Where did these symbols come from? There are several theories of why “X” has come to represent a kiss. The more popular explanation is that “X” is a stylized representation of two mouths touching each other. Another hypothesis is that according to “The Science of Kissing: What Our Lips Are Telling Us” By Sheril Kirshenbaum, “It was during the Middle Ages that a businesslike kiss was employed as a legal way to seal contracts and business agreements. Many men did not know how to read and write, so they would draw an “X” on the line and kiss it to make it legal. This carried over into the way we write “X” today to symbolize a kiss, as well as the expression “sealed with a kiss.” The kiss between a bride and groom was also viewed as marking a kind of legal business agreement, crystallizing all the responsibilities marriage entailed.”

As to the letter “O”, tracing its origin as to how it came to signify a hug proves to be more challenging. From the bird’s eye view, it may look like two persons hugging each other. In an unconfirmed theory proposed by Leo Rosten in his book “Joys of Yiddish”, it is said that illiterate Jewish storekeepers and peddlers used an “O” sign instead of an “X” to check off payments from their customers.
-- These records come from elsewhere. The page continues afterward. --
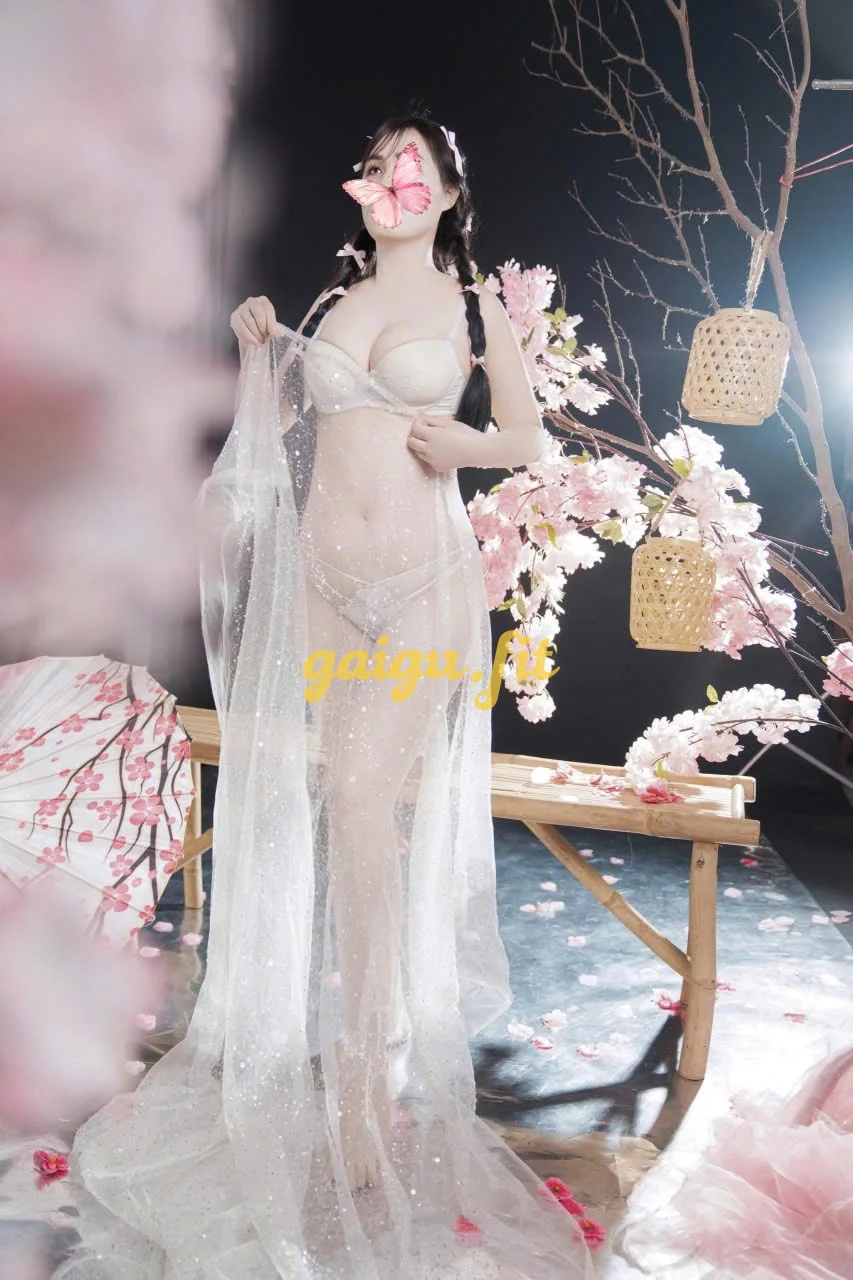 Thu Oanh hàng mới anh e ủng hộ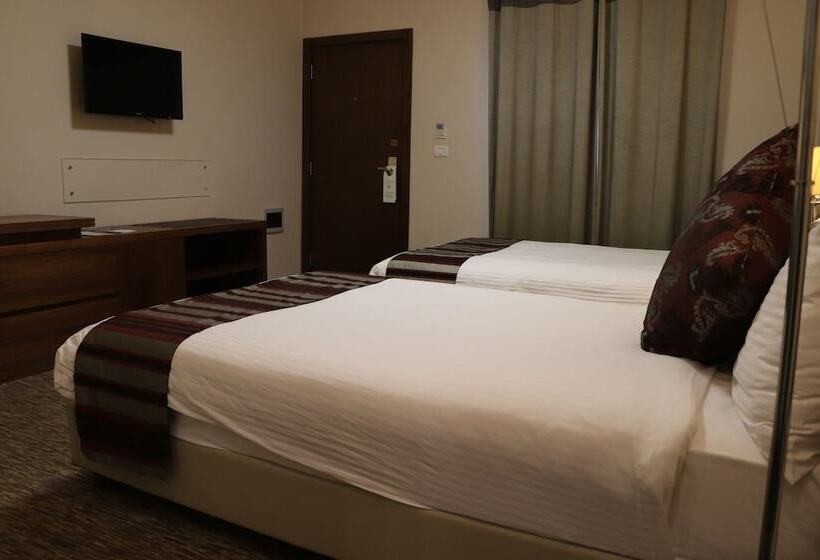 اتاق استاندارد با چشمانداز باغ, Mamba Point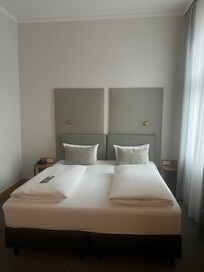 Very comfortable bed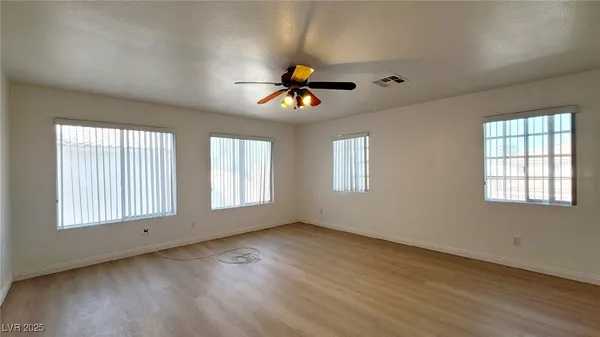 $2,450 | 4015 Mitra Court, Las Vegas, NV 89103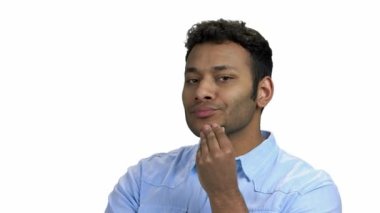 Şüpheli bir ifadesi olan genç bir adam..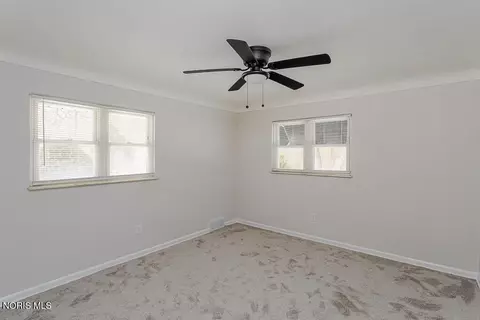 Bedroom - 1021 Richards Rd, Toledo, OH 43607 photo 2 of 6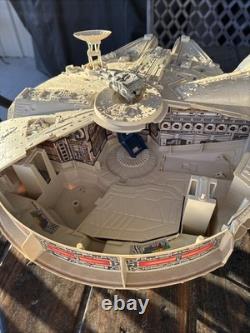 Star Wars 1979 Millennium Falcon Kenner Products. Vintage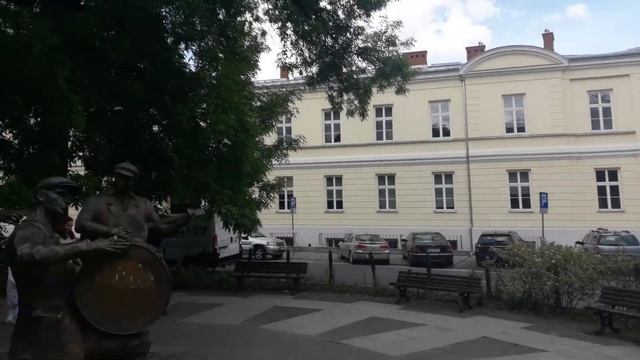 Старинный район Прага в Варшаве смотреть онлайн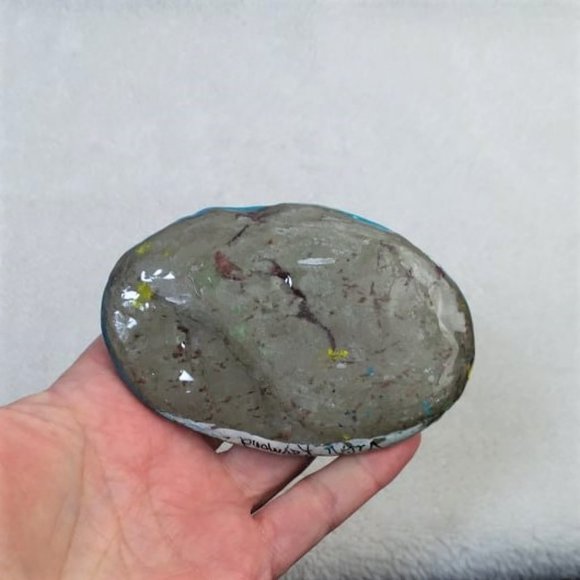 Hand Painted Whitetail Bumblebee - Picture 4 of 4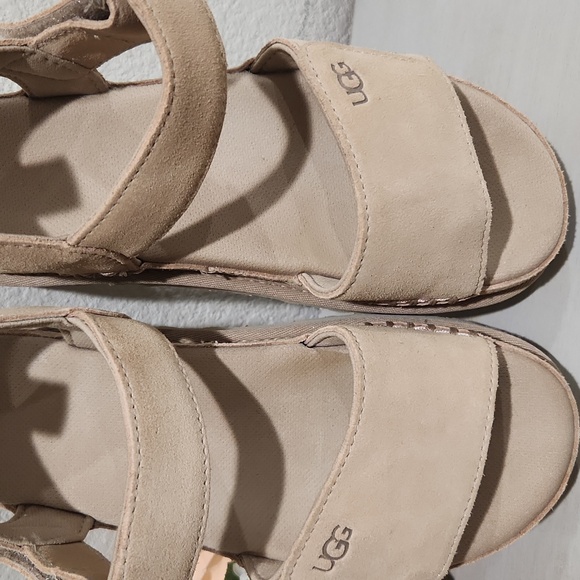 UGG Women's Goldenstar Platform Beige Sandals - Picture 3 of 16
This is because “X” reminds them of a cross which for them represented their execution and persecution.

2. Teddy Bear

The Teddy bear is a favorite among young couples. It may be given as is or it may also be placed in the middle of a bouquet of flowers.  This adorable cuddly synthetic creature was named after the U.S. President, Theodore Roosevelt.

In 1902, Theodore Roosevelt was invited by Mississippi Governor, Andrew H. Longino, in a hunting trip. Because Roosevelt failed to spot a bear, what the guides did was that they clubbed and tied a bear to a willow tree so that the President can shoot it. Roosevelt refused saying that it was unsportsmanlike to kill a defenseless animal.

Upon learning the story, political cartoonist Clifford Berryman drew a depiction of the event. The cartoon was published in the Washington Post on November 16, 1902.

A Brooklyn, NY candy shop owner, Morris Michtom, came up with the idea of teddy bears after seeing the cartoon of Berryman. His wife sewed two teddy bears which he placed in the window of his shop. He then asked President Roosevelt for permission to call it “Teddy bears”.

1. Heart

Valentine’s Day is never complete without the visible presence of the universally recognized emblem of love and affection: the heart, which as we all know looks nothing like real human hearts. So, how did the infamous shape became the symbol of a profound characterization?

One theory suggests that it was modeled after a cow’s heart which was more readily available in sight in the past than a human heart. Others say that it was patterned after some anatomical features of women such as breasts and buttocks. Another compelling theory is that it was derived from the shape of the seed of the Silphium, a plant known for its contraceptive powers but is now extinct. According to legends, Roman Emperor Nero was the owner of the last known surviving stalk of Silphium.